■ The task ■
Pictures stay out of the answer, but every line of the material must be restated exactly.

■ Source material ■
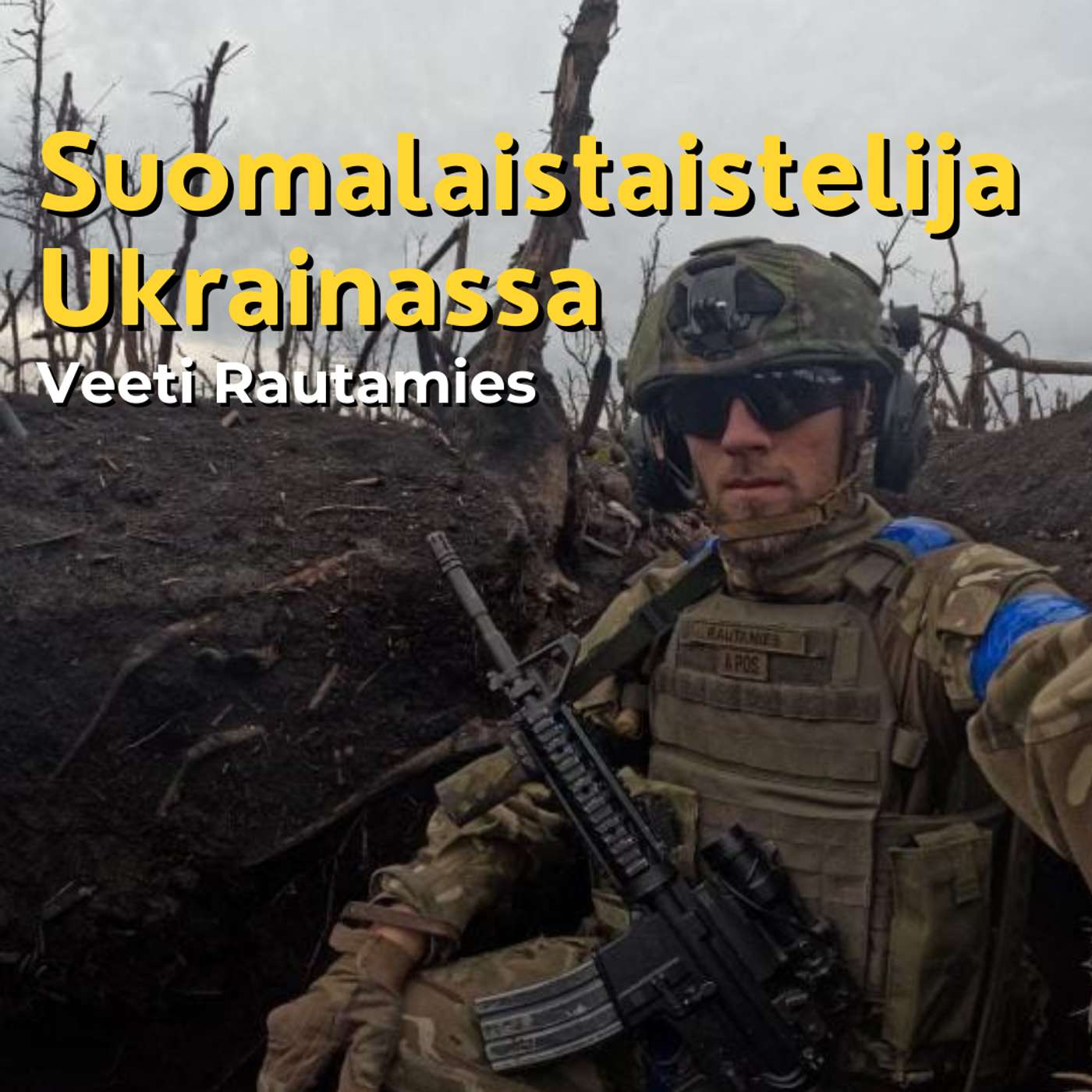 Suomalaistaistelijan kokemuksia Ukrainasta - Veeti Rautamies artwork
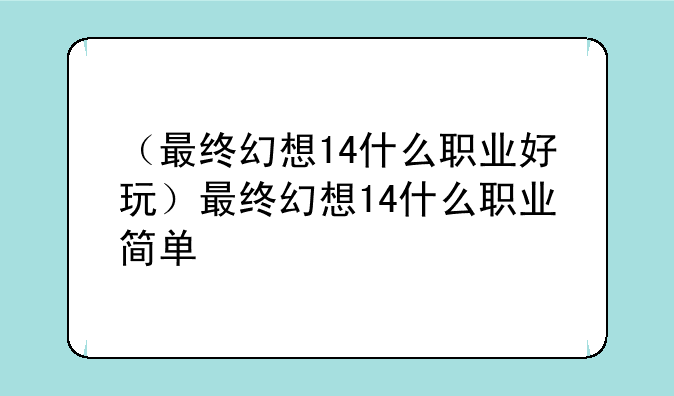 （最终幻想14什么职业好玩）最终幻想14什么职业简单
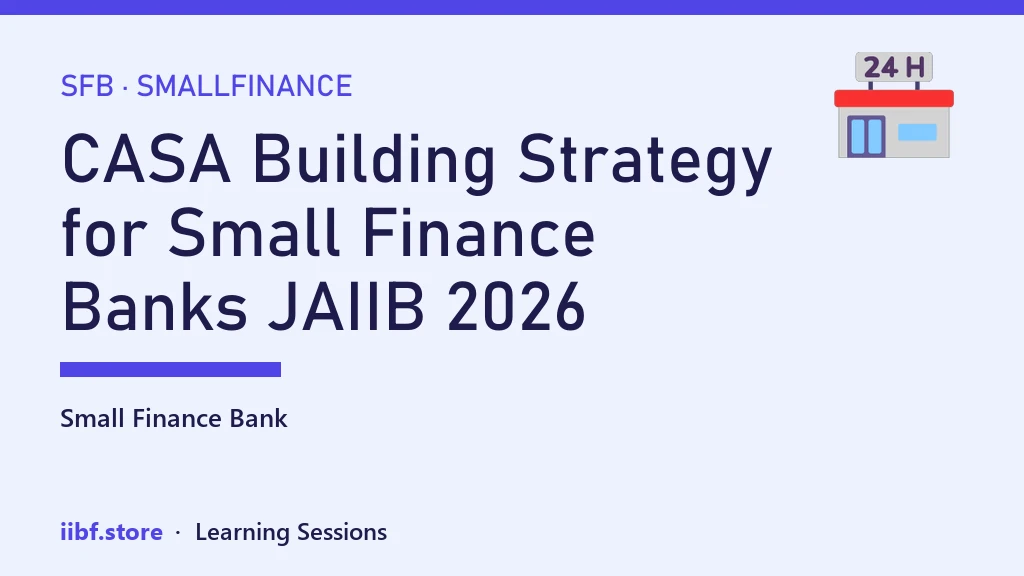 CASA Building Strategy for Small Finance Banks JAIIB 2026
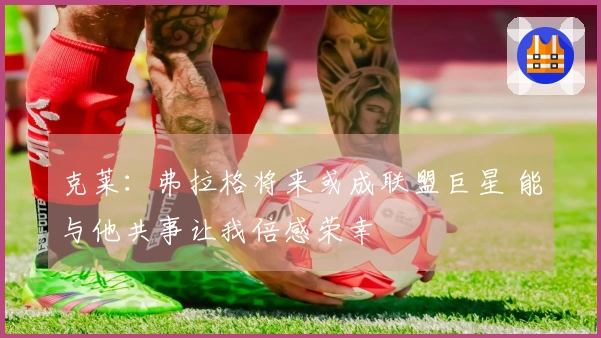 克莱：弗拉格将来或成联盟巨星 能与他共事让我倍感荣幸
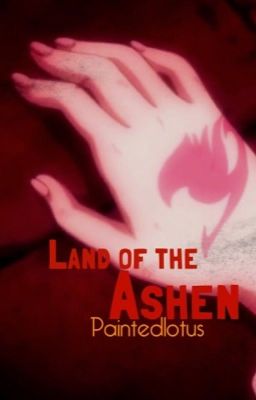 Land of the Ashen: A Dark Fairy Tail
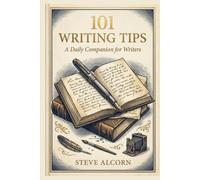101 Writing Tips: A Daily Companion for Writers
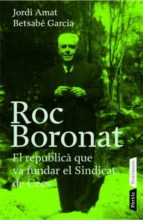 Portada del Libro Roc Boronat: El Republica Que Va Fundar L Once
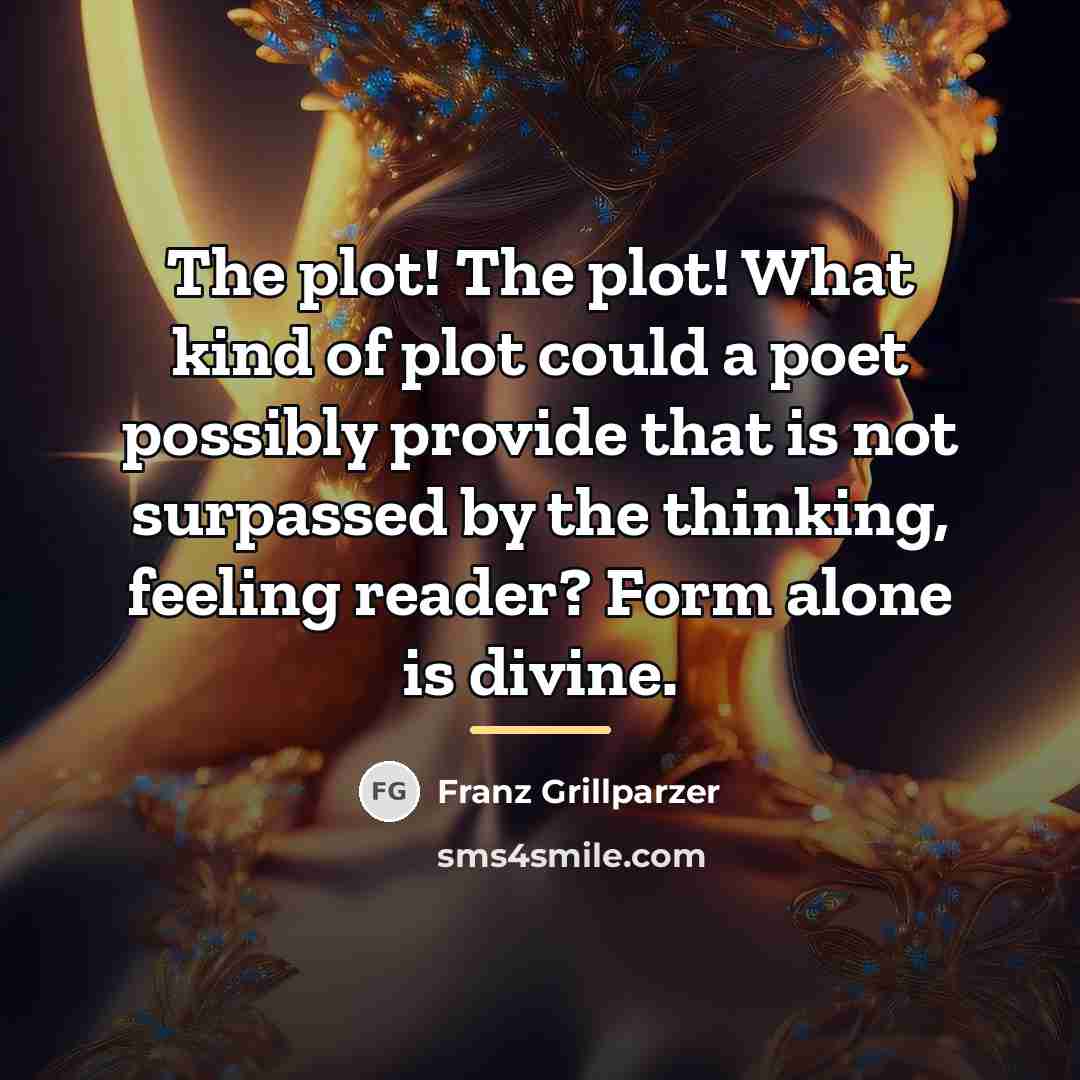“The plot! The plot! What kind of plot could a…” quote by Franz Grillparzer
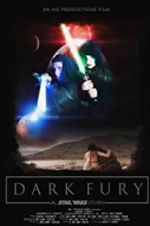 Watch Dark Fury: A Star Wars Fan Film Afdah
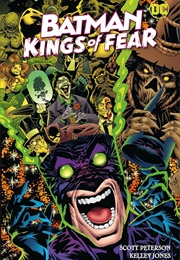 Batman: Kings of Fear (Scott Peterson & Kelley Jones)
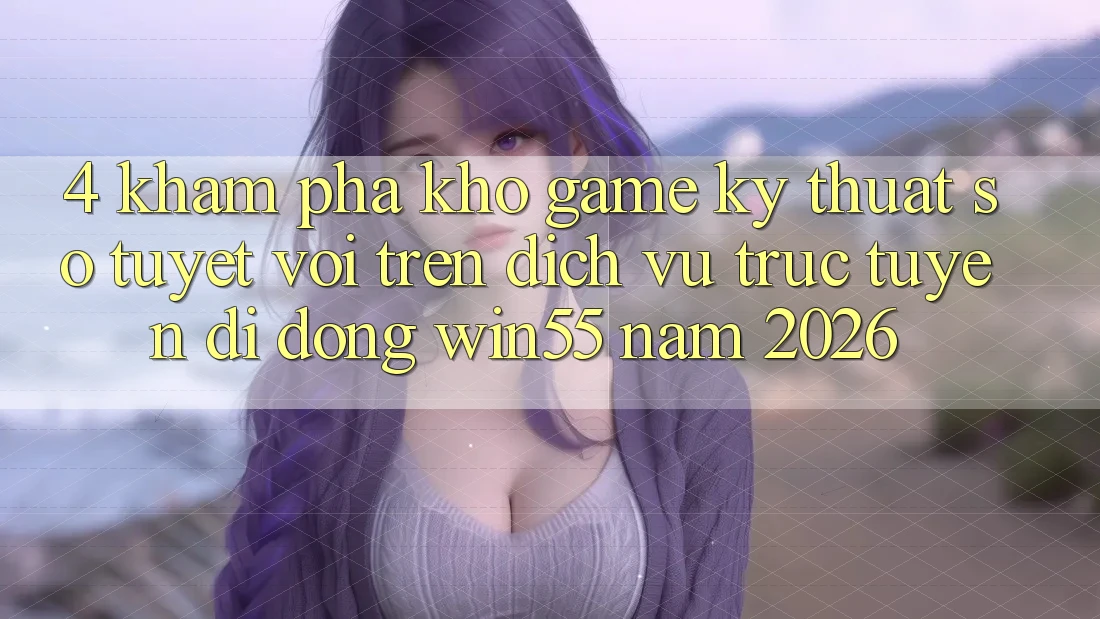 4. Khám Phá Kho Game Kỹ Thuật Số Tuyệt vời Trên Dịch vụ trực tuyến di động Win55 Năm 2026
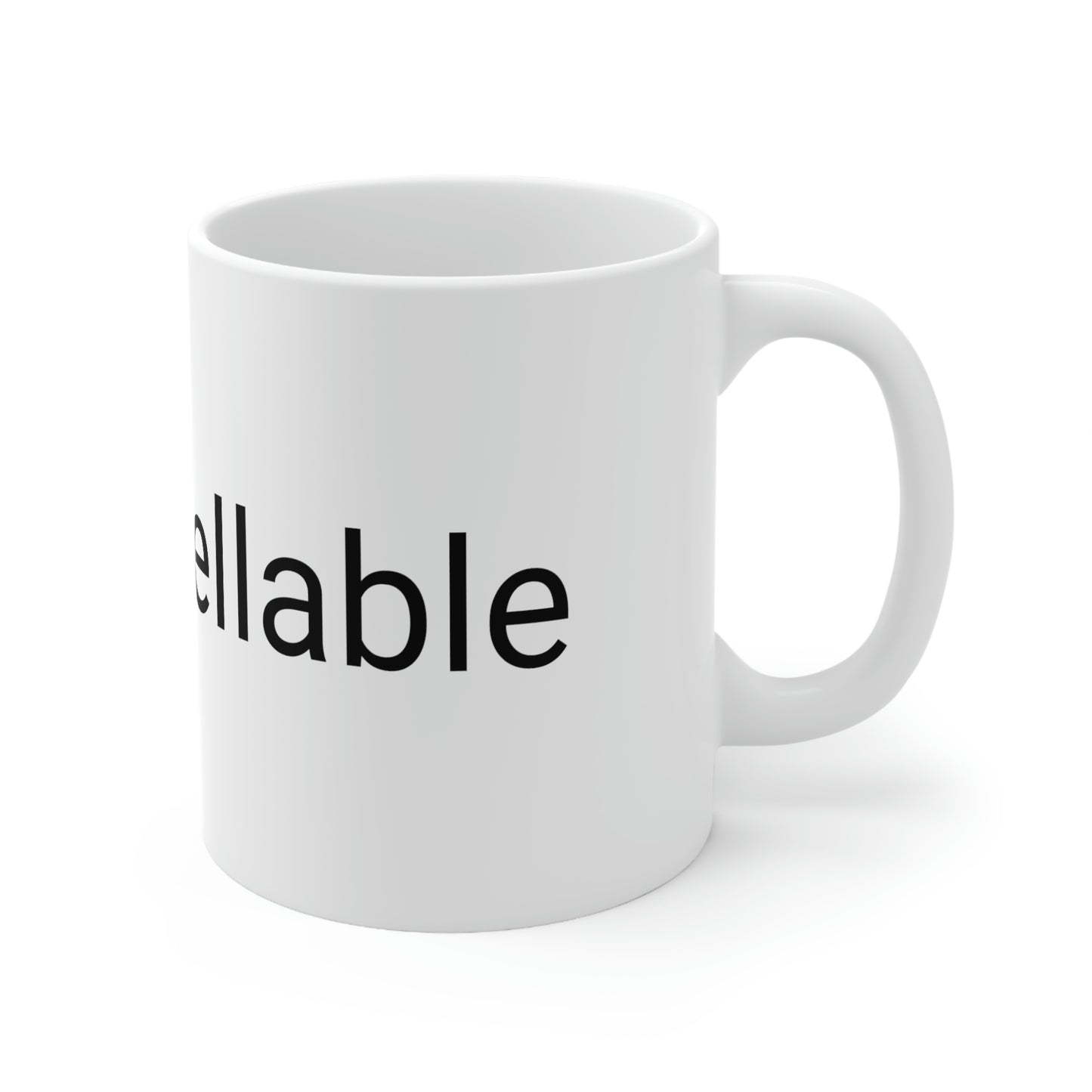 "Uncancellable" Ceramic Mug 11oz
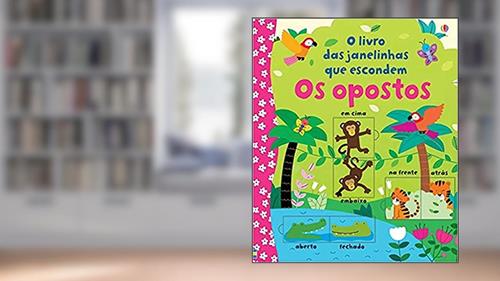 Capa de Os oposto : O livro das janelinhas que escondem, do autor Usborne Publishing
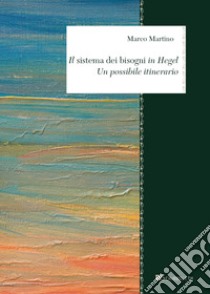 Il sistema dei bisogni in Hegel: Un possibile itinerario. E-book. Formato PDF ebook di Marco Martino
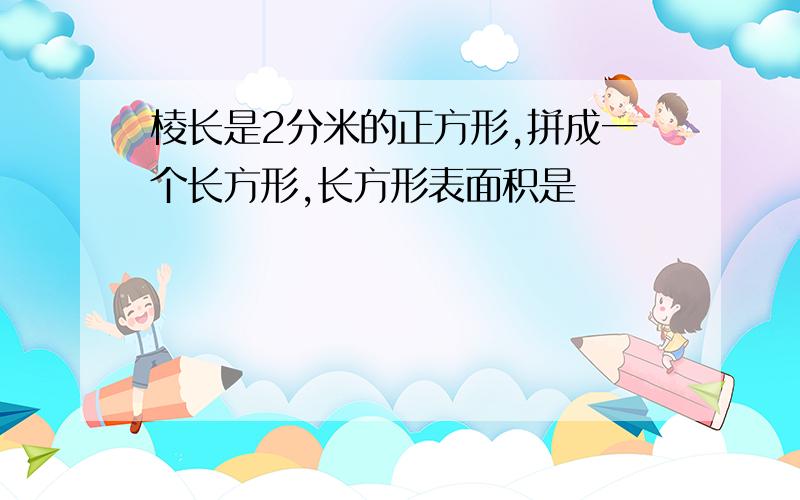 棱长是2分米的正方形,拼成一个长方形,长方形表面积是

■ Answer section ■
 Suomalaistaistelijan kokemuksia Ukrainasta - Veeti Rautamies artwork
 （最终幻想14什么职业好玩）最终幻想14什么职业简单
 CASA Building Strategy for Small Finance Banks JAIIB 2026
 克莱：弗拉格将来或成联盟巨星 能与他共事让我倍感荣幸
 Land of the Ashen: A Dark Fairy Tail
101 Writing Tips: A Daily Companion for Writers
 Portada del Libro Roc Boronat: El Republica Que Va Fundar L Once
“The plot! The plot! What kind of plot could a…” quote by Franz Grillparzer
 Watch Dark Fury: A Star Wars Fan Film Afdah
 Batman: Kings of Fear (Scott Peterson & Kelley Jones)
 4. Khám Phá Kho Game Kỹ Thuật Số Tuyệt vời Trên Dịch vụ trực tuyến di động Win55 Năm 2026
 "Uncancellable" Ceramic Mug 11oz
 Capa de Os oposto : O livro das janelinhas que escondem, do autor Usborne Publishing
 Il sistema dei bisogni in Hegel: Un possibile itinerario. E-book. Formato PDF ebook di Marco Martino
 棱长是2分米的正方形,拼成一个长方形,长方形表面积是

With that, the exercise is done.